====== Material provided
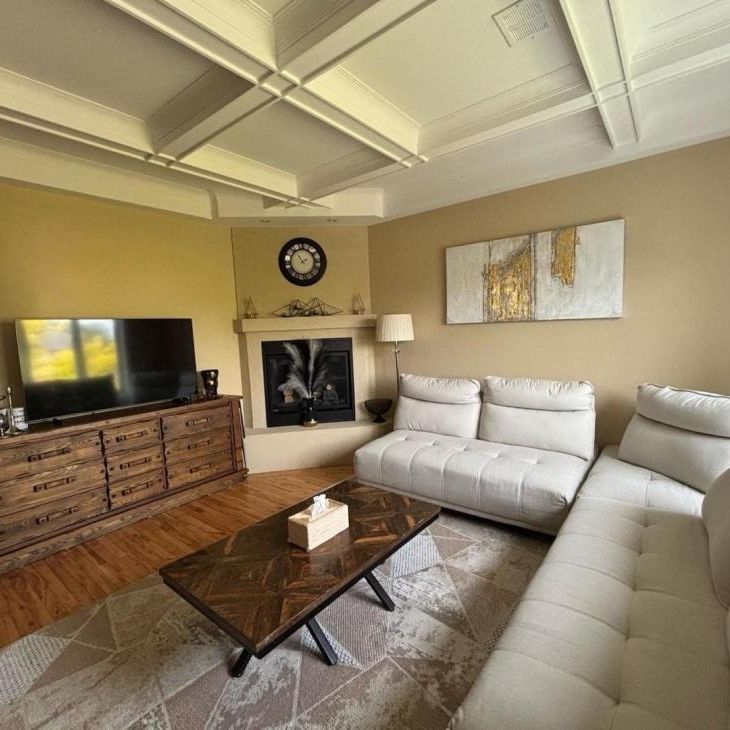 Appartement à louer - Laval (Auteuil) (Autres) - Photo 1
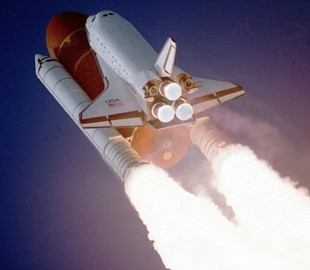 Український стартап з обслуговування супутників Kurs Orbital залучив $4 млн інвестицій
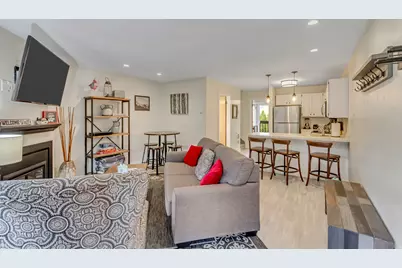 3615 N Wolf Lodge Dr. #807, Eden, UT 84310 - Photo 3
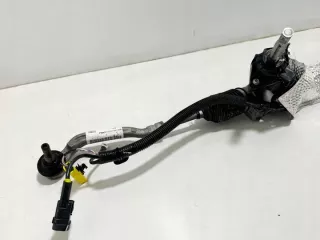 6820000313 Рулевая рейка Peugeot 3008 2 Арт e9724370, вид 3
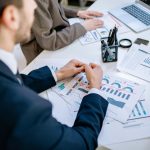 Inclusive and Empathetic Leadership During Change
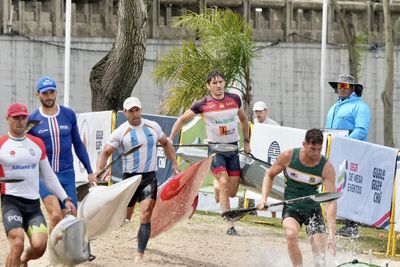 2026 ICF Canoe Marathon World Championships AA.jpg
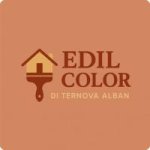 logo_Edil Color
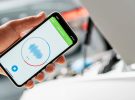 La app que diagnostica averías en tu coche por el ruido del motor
============
====== Material provided
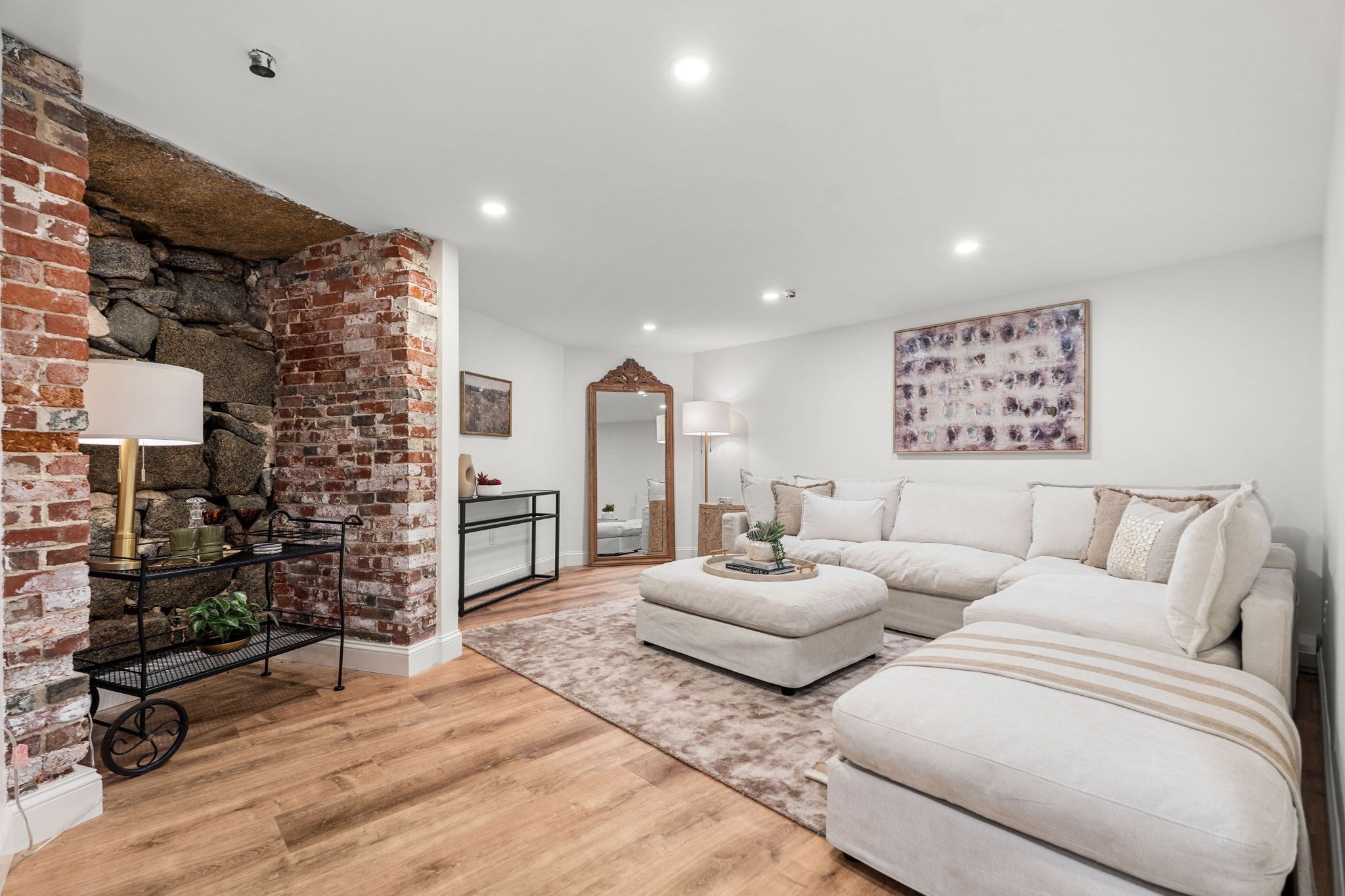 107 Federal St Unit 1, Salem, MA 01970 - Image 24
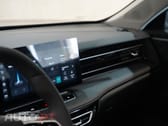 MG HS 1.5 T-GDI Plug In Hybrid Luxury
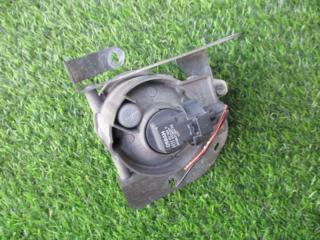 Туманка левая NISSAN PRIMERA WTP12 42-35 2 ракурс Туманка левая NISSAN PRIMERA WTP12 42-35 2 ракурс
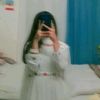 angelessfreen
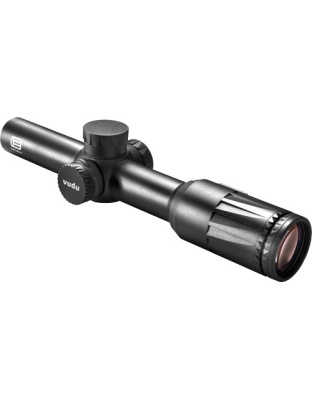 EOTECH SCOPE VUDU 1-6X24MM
============
====== Material provided
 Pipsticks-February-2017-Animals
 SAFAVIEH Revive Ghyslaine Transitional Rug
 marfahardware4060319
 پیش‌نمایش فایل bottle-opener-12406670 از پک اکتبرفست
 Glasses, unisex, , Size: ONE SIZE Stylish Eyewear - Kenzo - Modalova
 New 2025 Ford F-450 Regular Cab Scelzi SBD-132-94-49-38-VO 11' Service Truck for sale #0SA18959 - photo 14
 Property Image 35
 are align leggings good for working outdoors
============
■ Required action
What you return must match the lines above from the one with "Appartement à louer" through the one with "6820000313 Рулевая рейка" exactly, with both ends included and the pictures excluded.

■ Result below
 Appartement à louer - Laval (Auteuil) (Autres) - Photo 1
 Український стартап з обслуговування супутників Kurs Orbital залучив $4 млн інвестицій
 3615 N Wolf Lodge Dr. #807, Eden, UT 84310 - Photo 3
 6820000313 Рулевая рейка Peugeot 3008 2 Арт e9724370, вид 3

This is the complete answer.